Give again, word for word, every line below from the one that has "麺処ろくめい - 鶏塩そばさんでーす。③" through the one that has "Imagem da noticia", both included, and no others.

Provided data.
=== Section Start ===

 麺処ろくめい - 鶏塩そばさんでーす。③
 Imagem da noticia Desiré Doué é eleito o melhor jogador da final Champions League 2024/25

=== Section End ===
=== Section Start ===

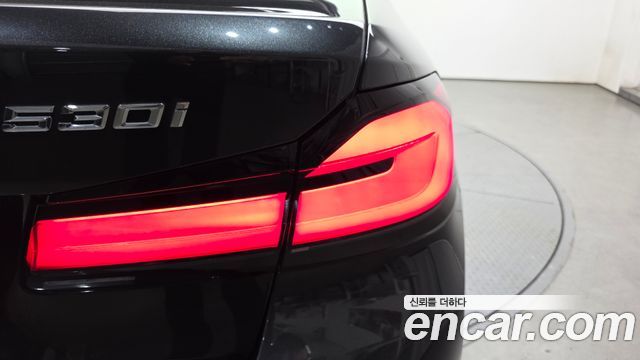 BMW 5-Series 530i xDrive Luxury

=== Section End ===

Solution for this task.
 麺処ろくめい - 鶏塩そばさんでーす。③
 Imagem da noticia Desiré Doué é eleito o melhor jogador da final Champions League 2024/25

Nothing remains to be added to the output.